The Guinness record was set March 28 at the Hilton, which barely blinked over the achievement — perhaps because the 3,000-room hotel has 21 other assorted eateries, including Quark’s Bar and Grill, named for the “Star Trek: Deep Space Nine” character of the same name. Deep space cuisine is proffered by waiters with tricorders, and there’s blue beer and something called Glop on a Stick at meal’s end.

Yes, thank you, sir. The glop looks delicious. My friend here will have it a la mode.

But let us move on to another entry in the bigger-is-better derby. Several hundred miles — or light-years — away stands America’s largest family-owned restaurant. Zehnder’s of Frankenmuth, Mich., can seat more than 1,500 guests in 10 dining rooms; employs 200 servers; and annually prepares 840,000 pounds of chicken, 628,000 pounds of cabbage, 110,000 pounds of vegetables and 26,000 pounds of coffee.

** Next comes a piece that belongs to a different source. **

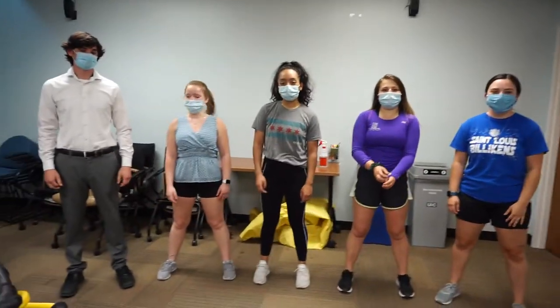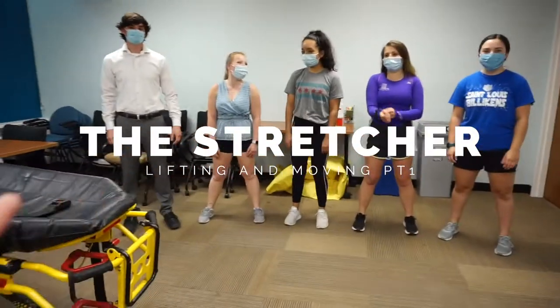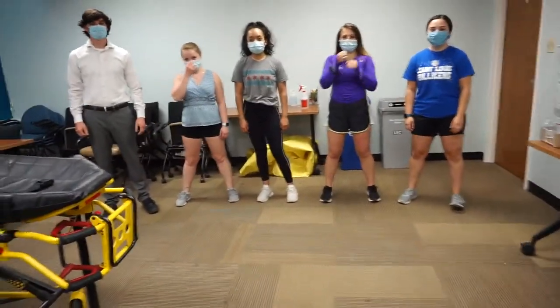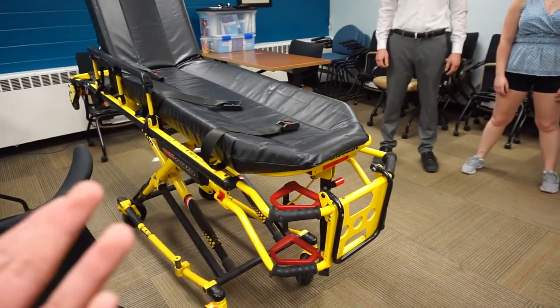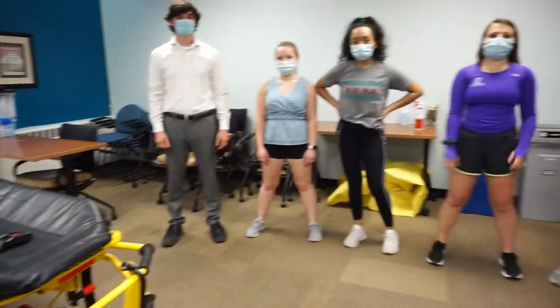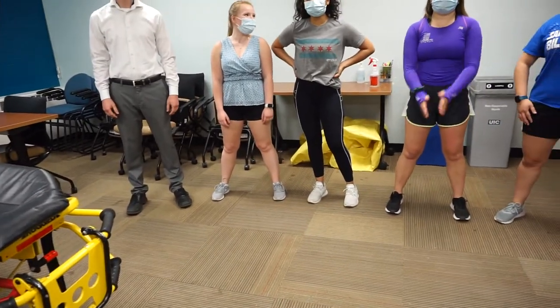We've got a lifting and moving video. We're going to eventually go into the stretcher, but we're going to start off with body mechanics and which parts of our bodies we utilize to actually lift a patient. Each EMT is expected to lift on average 150 pounds, including the equipment.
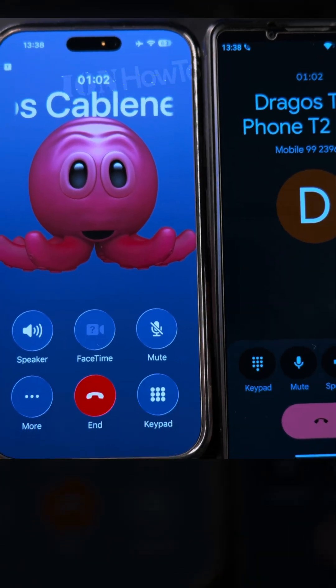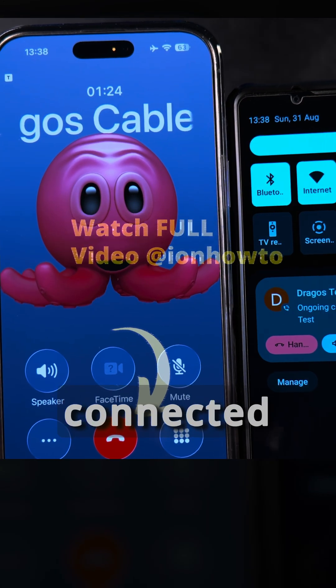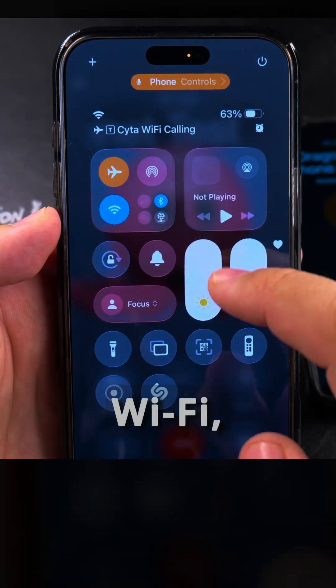I made the call and these phones are connected. The Android phone on the right side is connected to the mobile network through the normal cellular service, but the iPhone on the left here is connected through Wi-Fi calling.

Zehnder’s will host an industrial-strength Easter buffet next Sunday, just in case the mood strikes.

One may enjoy, and this is verbatim from the menu: family-style chicken; noodle soup; cabbage salad; Zehnder’s cheese spread and chicken liver pate with garlic toast, stollen and white breads and butter; preserves; large-curd cottage cheese; cranberry relish; mashed potatoes; Mother’s dressing; giblet gravy; vegetable of the day; and ice cream dessert. The price is $4.75 to $17.95 a person.

The children’s menu features the inevitable chicken fingers and fries, with cabbage salad just to remind the little people that they are in the Midwest.

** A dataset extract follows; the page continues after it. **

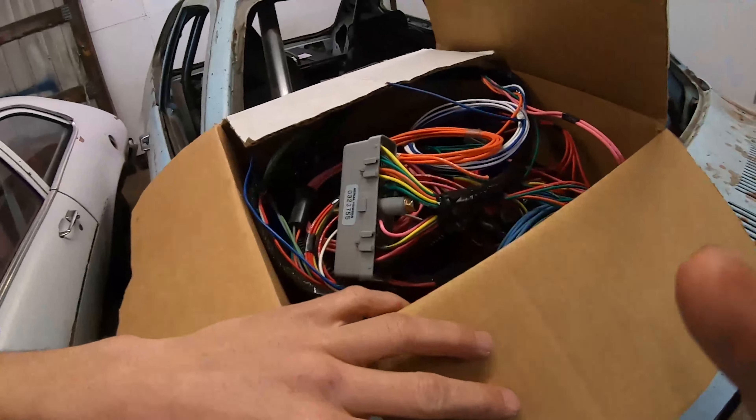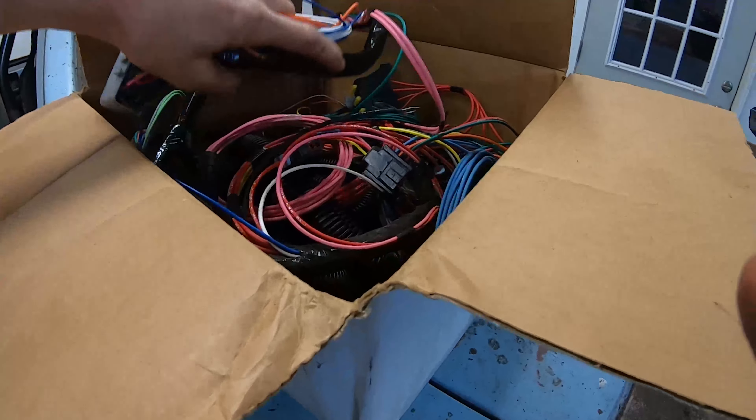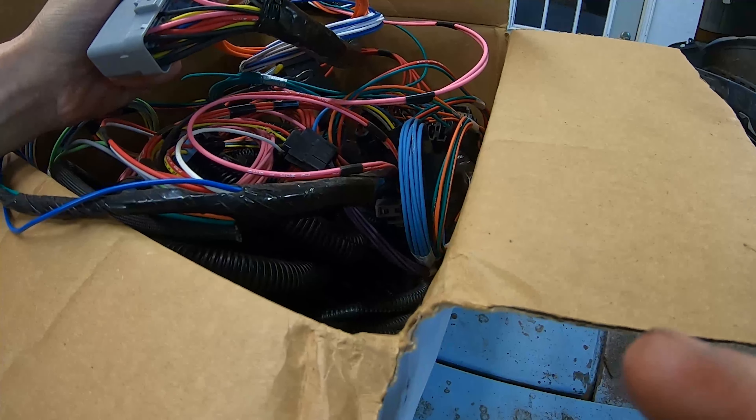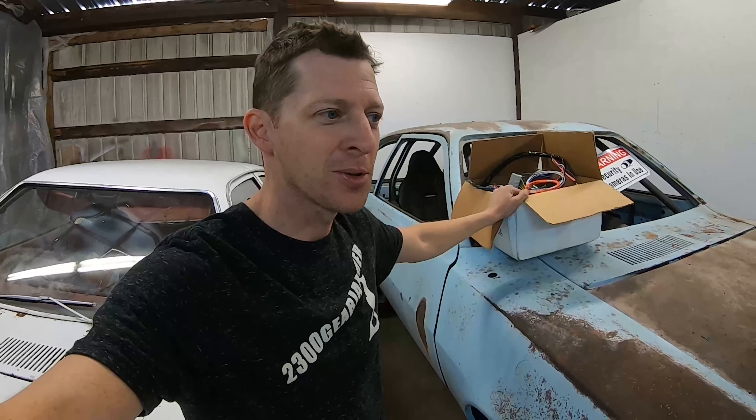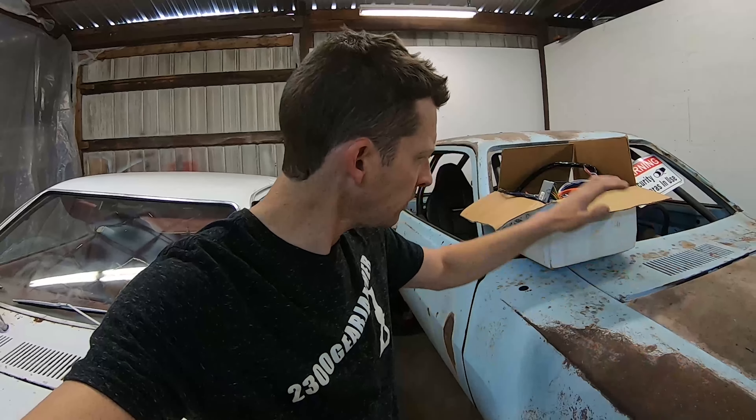For the fuel injection I have a Ron Francis harness. Yours may look a little different if you buy one — I think this was a prototype piece, so prototype doesn't mean better, it means first and they made it better later. This thing looks awesome though and it's certainly going to help. I've never done it this way with the drop-in harness; I'm pretty excited. On the Mustang I ordered the eight-foot section of wire labeled for MegaSquirt stuff and wired it point-to-point from scratch.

It also led us to a brief interlude in our travels, dedicated to anyone who has ever thrown food, hidden under the dinner table or fed his or her entree to the dog. Indiana University has completed a study of that magic time that occurs before the chicken fingers arrive. Researchers monitored the table manners of 51 children at the Colonial Pancake House near South Bend.

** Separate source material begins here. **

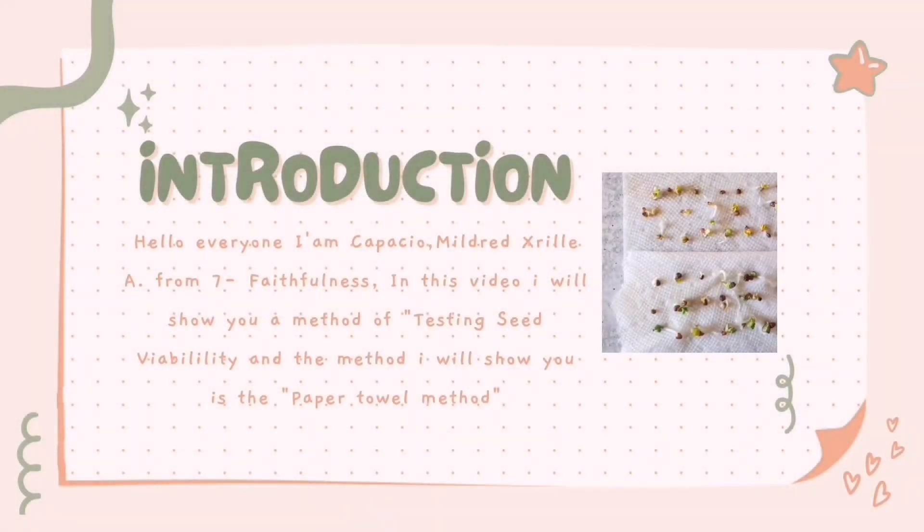Hello everyone, I am Kapashang Mulad-Serial A from 7 Faithfulness. In this video, I will show you a method of testing seed viability, and the method I will show you is the paper towel method.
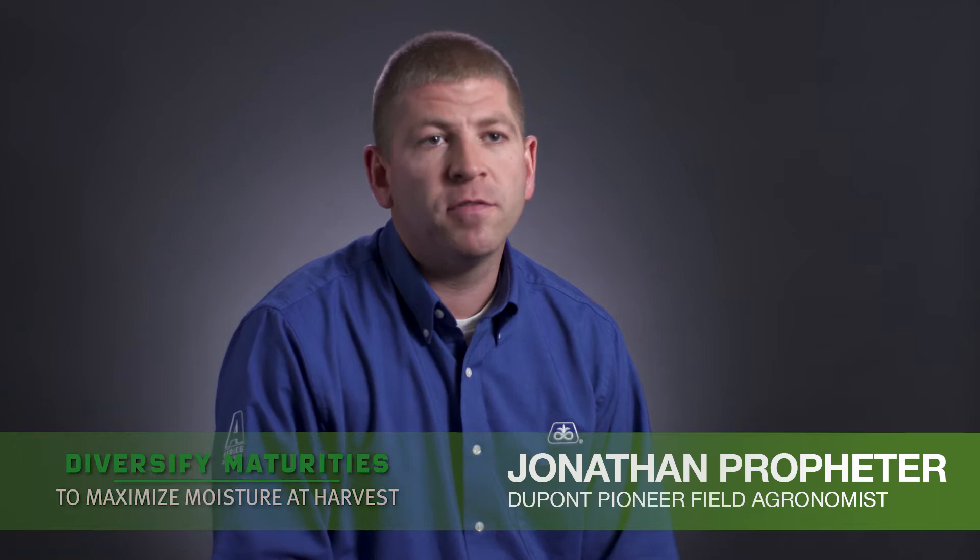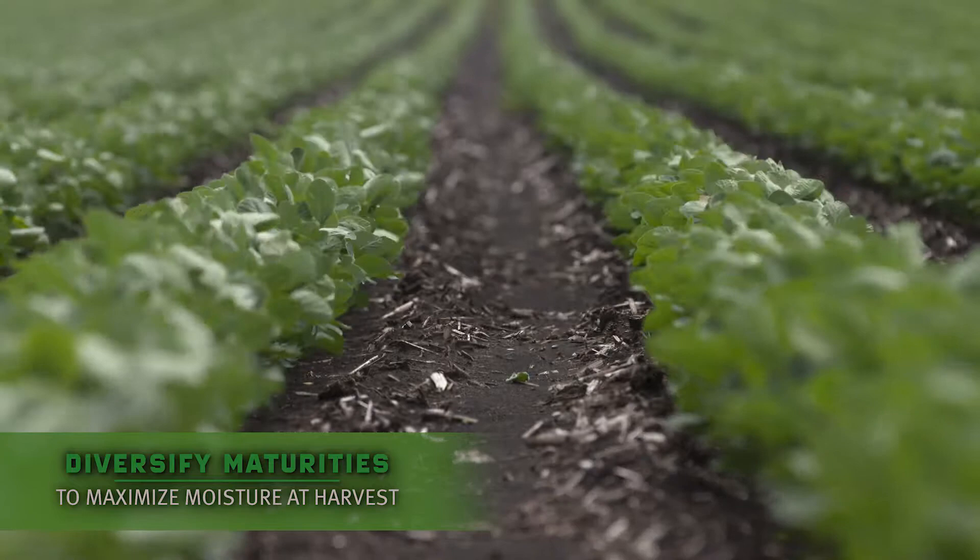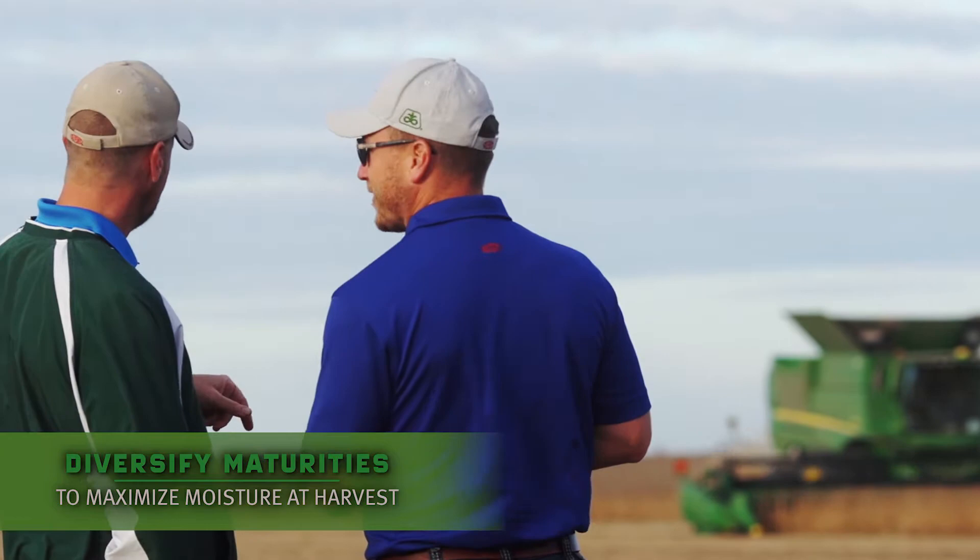As we look at being able to harvest our soybean crop at an optimal moisture, it really becomes a very big challenge. One of the key things that we can do though is spread out our soybean maturity into a wider group of relative maturities to be able to hopefully stay on the front edge of that soybean maturity front come the fall.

“During observation, children were noted for the following types of misbehavior: fighting with siblings, yelling at the family, standing on chairs, playing away from the table, throwing food, spitting at siblings and interrupting conversations,” the researchers stated.

The study eventually determined that “45 percent of the children complied with their parents’ management” and that 27 percent of the parents did not even try to “manage” their children.

Moving along quickly, let’s examine the world’s biggest steak, at 72 ounces — that’s 4 pounds — courtesy of the Big Texan Steak Ranch in Amarillo. It comes with salad and potato, roll and shrimp cocktail. The restaurant will give $50 to intrepid diners who finish the meal in an hour. More than 37,000 have tried and 6,200 have succeeded, including more than 90 women.

Not to be outdone, Denny’s Beer Barrel Pub in Clearfield, Pa., produced the world’s biggest hamburger in late March, weighing in at 15 pounds and $40. This behemoth burger takes two hours to broil, is topped with 1 cups each of mayonnaise, mustard and ketchup, plus an entire head of lettuce, a pair of onions, three tomatoes and 25 slices of cheese. Most telling, the big burger is the equivalent of 45 quarter-pounder burgers.

Such larger-than-life edibles might inspire headlines about indulgent, extravagant America.

Hah. No way.

Here at the Sunday Dinner at Mom’s Desk, we have ample evidence that for every monster item on their menus, our restaurants even things up with something minuscule. Several, in fact, are in contention for serving the world’s smallest sundae — including George Brett’s of Kansas City, the Woodshed in Tamworth, N.H., the Embers restaurants of Iowa and Wisconsin, and the ChiChi’s and Silver Diner franchises.

The winner, maybe? It could be Brother Jimmy’s Bait Shack in New York City — its diminutive dessert arrives in a shot glass for $1.